According to the Ministry of SMEs and Startups on December 30, the budget for revitalizing local commercial districts among small business support projects has increased more than ninefold, from 4 billion won this year to 37.8 billion won next year. This marks the largest increase among all small business programs. Specifically, new projects such as the Glocal Commercial District (15 billion won), Local Hub Commercial District (10 billion won), and Promising Alley Commercial District (12.5 billion won) have been established, significantly raising the total budget. These projects are scheduled to be officially implemented after individual announcements by the Small Enterprise and Market Service in February next year.

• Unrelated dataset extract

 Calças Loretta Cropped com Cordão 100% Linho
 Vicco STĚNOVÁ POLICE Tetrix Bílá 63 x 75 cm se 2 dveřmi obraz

Revitalizing local commercial districts has been one of President Lee Jaemyung’s key priorities since the presidential campaign. President Lee has included "Commercial District Renaissance 2.0" as a national agenda item and has emphasized the need to foster neighborhood commercial districts that reflect local characteristics as a new growth engine for the domestic economy. Han Seongsuk, Minister of SMEs and Startups, and Lee Byungkwon, Second Vice Minister, have also identified revitalizing local commercial districts as a main task for the small business sector through initiatives such as the "Small Business Growth Relay Roundtable." Based on this broad consensus, it is expected that from next year, policy efforts will focus on strengthening the economic foundation centered on small businesses and neighborhood commercial districts.
An official from the Ministry of SMEs and Startups stated, "There was a consensus in both the government and the National Assembly that revitalizing local commercial districts should be intensively supported," and added, "While many new projects have been established or received increased budgets, such as the new AI utilization support program for small businesses with a budget of 14.3 billion won, this is the only project with such a significant increase."

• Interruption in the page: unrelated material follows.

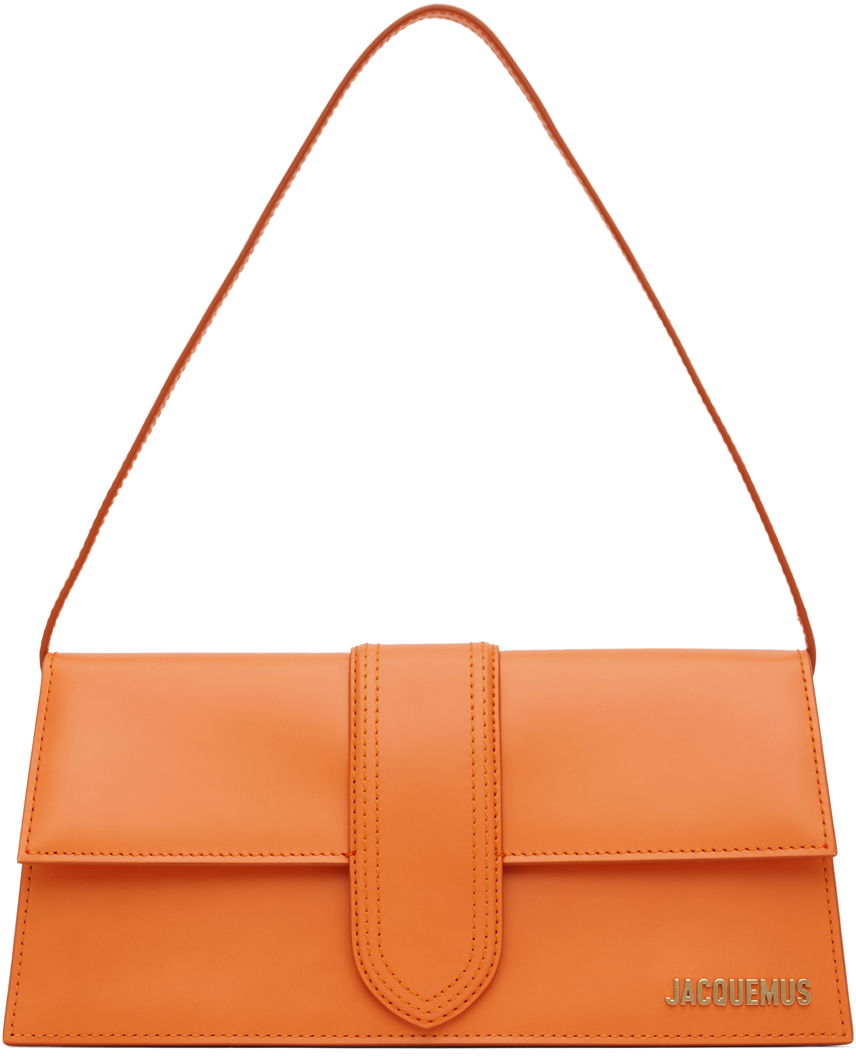 Skuldertaske Jacquemus Le Raphia 'Le Bambino Long' Bag Orange | 221BA013-3100, 0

While this year’s small business budget from the Ministry of SMEs and Startups has been set at a record high of 5.4 trillion won, the sharp reduction in the loan support budget has drawn attention. The policy loan budget for small businesses will decrease by about 408 billion won, from 3.77 trillion won this year to 3.362 trillion won next year. More specifically, the specialized funds for small manufacturers will be cut by more than half, from 450 billion won to 200 billion won, and the win-win growth support fund, which was newly established last year to support marketing for small businesses entering online platforms, will be reduced by 24%, from 100 billion won to 76 billion won.

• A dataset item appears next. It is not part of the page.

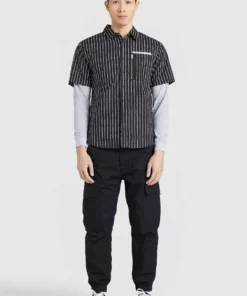 Khujo SKELTON - Camisa - Black, Hombre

This has led to the assessment that the Ministry of SMEs and Startups is shifting its policy focus from survival-oriented loan support to fostering the self-reliance of small businesses. This aligns with the ministry’s new policy direction for next year, which is "performance-oriented, focused support." At the 2026 work briefing held on December 17, Minister Han announced plans to selectively allocate policy resources to companies with outstanding growth potential starting next year. The ministry is signaling a policy shift away from "life-support loans" that rely on short-term liquidity supply, toward creating an ecosystem where competitive small businesses can be naturally discovered and grow.